● Required action: The material below holds pictures; leave them out, and copy exactly, and only, the lines from the one with "An Edwardian mahogany" through the last.

● The data:

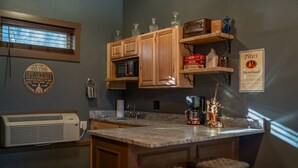 A kitchen with wooden cabinets, a built-in microwave, a coffee maker, and a sign for Tito's Handmade Vodka.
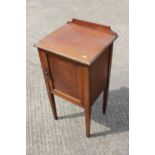 An Edwardian mahogany and satinwood banded bedside cabinet enclosed one door, on square taper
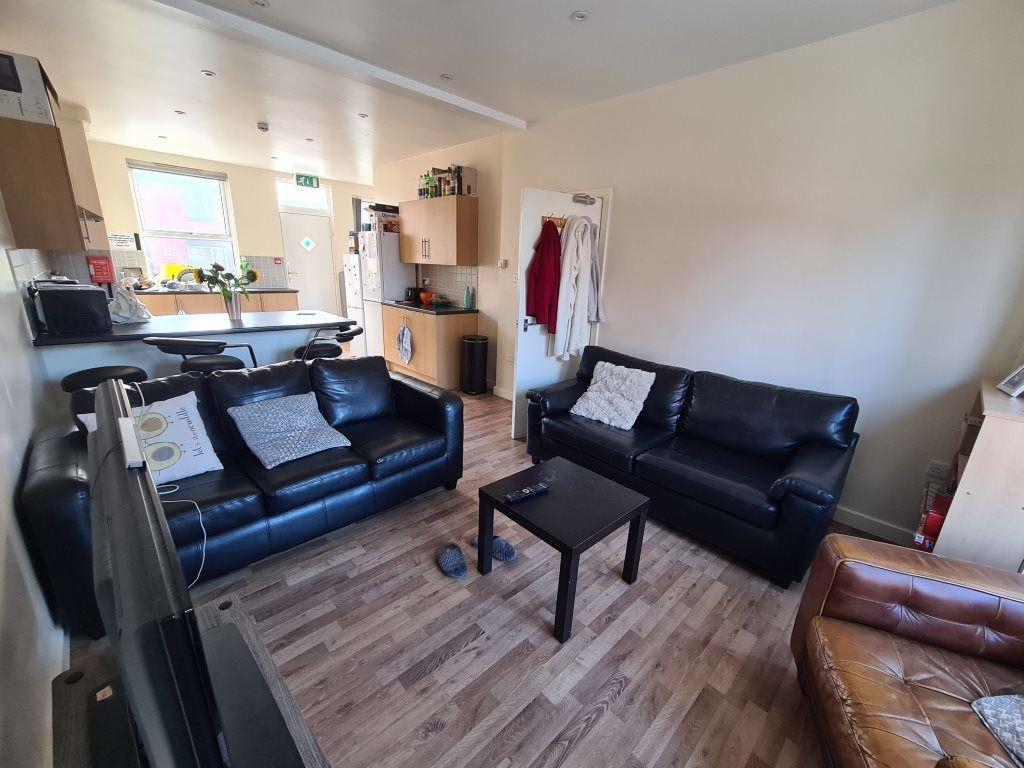 A cozy and inviting living room featuring two b...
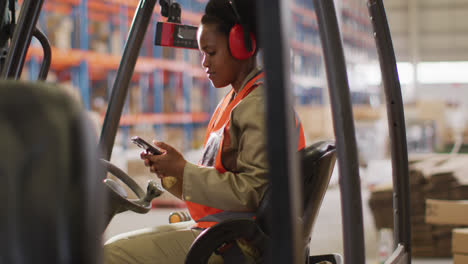 African-american-female-worker-wearing-safety-suit-and-using-smartphone-in-warehouse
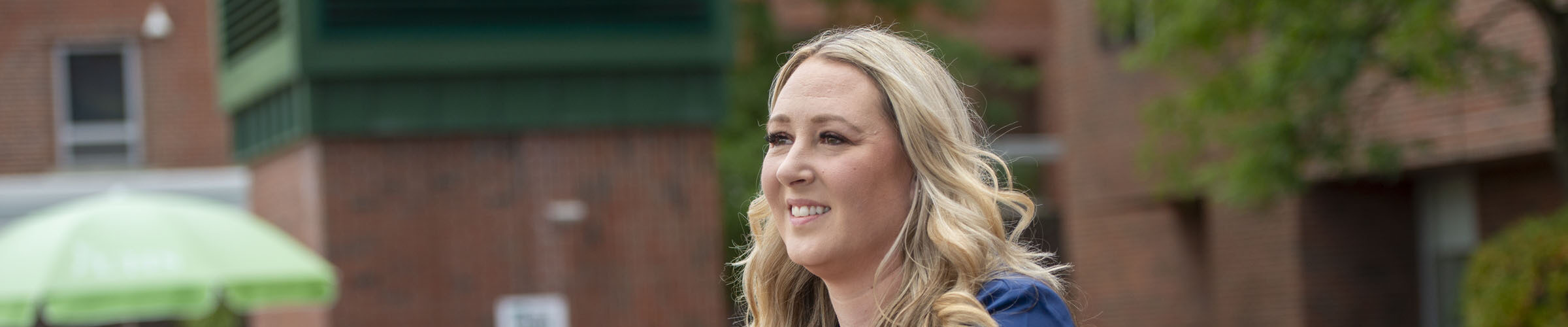Female nurse in front of a building smiling and staring far off.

● Answer to this exercise:
 An Edwardian mahogany and satinwood banded bedside cabinet enclosed one door, on square taper
 A cozy and inviting living room featuring two b...
 African-american-female-worker-wearing-safety-suit-and-using-smartphone-in-warehouse
Female nurse in front of a building smiling and staring far off.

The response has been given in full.